Fakta Menarik Tentang Kampung Naga
Jika kamu mulai lelah dengan segala aktifitas keseharian dan ingin merefresh diri, dan memutuskan untuk jeda dari rutinitas kota yang padat. Ini saat yang tepat untuk menjadwalkan kunjungan kamu ke Kampung Naga, Tasikmalaya.
Kawasan ini merupakan daerah perkampungan yang didalamnya sangat menjaga kelestarian budaya nenek moyangnya, dari mulai bahasa, rutinitas, dan adat-istiadat daerah. Kamu bisa leluasa untuk mempelajari mendalam tentang Slot Bet Kecil Pragmatic Play kebudayaan Indonesia terutama budaya sunda.

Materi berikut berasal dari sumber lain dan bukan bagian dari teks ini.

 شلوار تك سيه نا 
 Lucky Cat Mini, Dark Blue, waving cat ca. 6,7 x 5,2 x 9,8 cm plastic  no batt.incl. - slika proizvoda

Jika kamu adalah seorang traveler yang suka beriwsata alam atau seorang budayawan yang ingin mempelajari kebudayaan sunda secara lebih dekat. Wisata ini sangat cocok menjadi tempat persinggahanmu untuk berlibur sembari mempelajari budaya kearifan lokal.
Warga menyebut sejarah kampungnya dengan istilah “Pareum Obor”. Pareum jika diterjemahkan dalam bahasa Indonesia, yaitu mati, gelap. Dan obor itu sendiri berarti penerangan, cahaya, lampu. Jika diterjemahkan secara singkat yaitu, Matinya penerangan.
Mereka tidak mengetahui asal-usul kampungnya. Masyarakat kampung menceritakan bahwa hal ini disebabkan oleh terbakarnya arsip/sejarah mereka pada saat pembakaran kampung oleh Organisasi DI/TII Kartosuwiryo. Saat itu, DI/TII menginginkan terciptanya negara Islam di Indonesia.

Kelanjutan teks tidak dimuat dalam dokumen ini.